Girl by Jamaica Kincaid
The short story “Girl” by Jamaica Kincaid is a story of the belief that happiness steams from a life of domesticity. The central topics of gender roles in a family structure, and the expression of female sexuality and will be examined. A look into the mother’s beliefs on the necessity of serving your husband and remaining sexually conservative will be the focus.
Secondly, the importance of food and clothes in the story will be looked at, providing evidence to the central claim of being content with this lifestyle.
Lastly, the relationship between the mother and daughter will be discussed, reflecting on if the views of the mother will ultimately make the decisions for the daughter, as to the path she will follow in her own life. The portrayal of gender roles in this story shows the husband as the breadwinner and the wife staying home to tend to the house and children. This could be considered traditional, however we would consider it outdated in western society today. This story has the mother, teaching her daughter her place in Antiguan society, most likely in the fifties, and in a marriage.
This is demonstrated though the teaching of everyday tasks she will need to know to run a household smoothly. It is also clear that the mother’s life reflects these ideals that a husband should be the one working and the wife is to be happy and content by taking pride in her home. The mother also has very strong views on behavior and throughout the story gives many warnings on this such as “on Sundays try and walk like a lady and not like the slut you are so bent on becoming”. This is a very clear statement giving us an idea of the mother’s values with female sexuality as well as a reflection on the values at that time.

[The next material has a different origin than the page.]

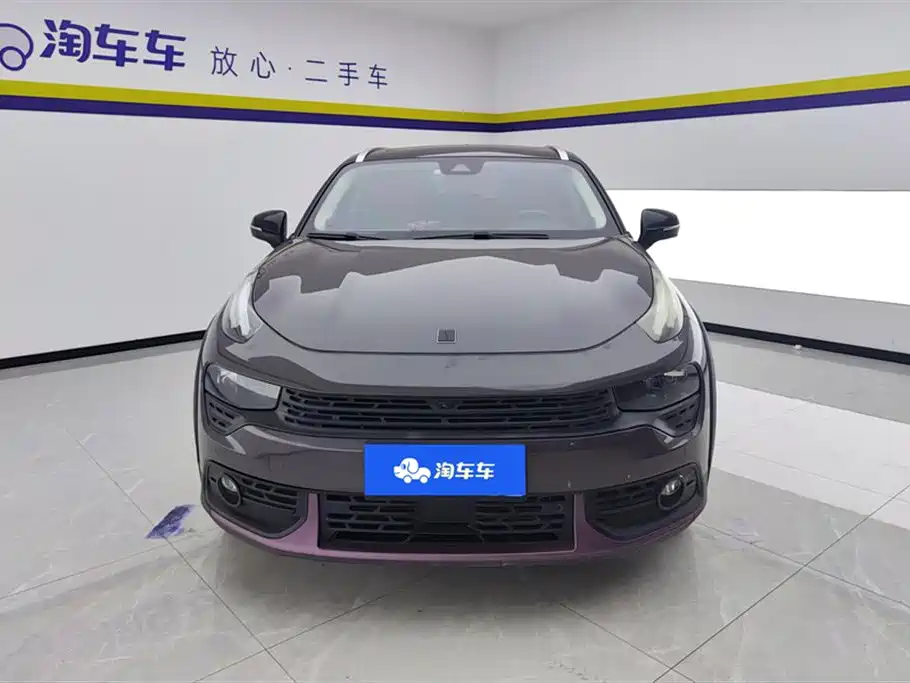 Lynk & Co 02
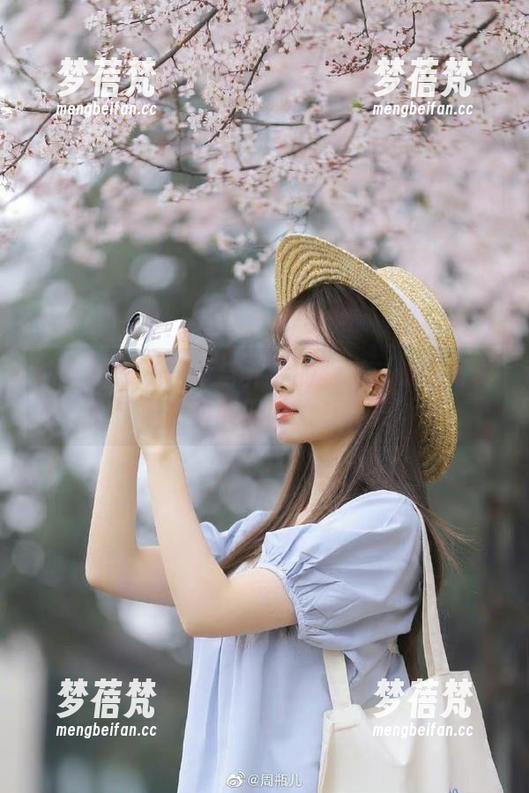 纳丝摄影-乔乔 纳丝摄影 - 拉近与乔乔的距离:眼镜写真集原图展现她的真实美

She wants her daughter to find a husband and she believes kept pure, and with the knowledge of how to run a successful household, she will be a prize for any man. Abstinence sounds great in theory, but this is not always the case for young women. In this time, expectations are to be wed and then have sex. As much as the mother would like to keep her daughter from having sex, from warning her, and teaching her things like letting then hem of her dress down to be longer, she does realize this may not happen.
It is interesting how she feels it necessary to teach her how to get rid of a baby. This reference to abortion at this time shows how crucial the need to keep up appearances at any cost can be, even if it is illegal or against moral and religious beliefs. Food and clothes play an important role in many of the mother’s teachings. The mother shows the daughter how to cook pumpkin fritters, bread pudding, pepper pot and doukona. Some of these dishes are traditional Antiguan which shows the importance of tradition and doing things the way they always have been done. The mother also teachers her how to set tables specifically for different meals.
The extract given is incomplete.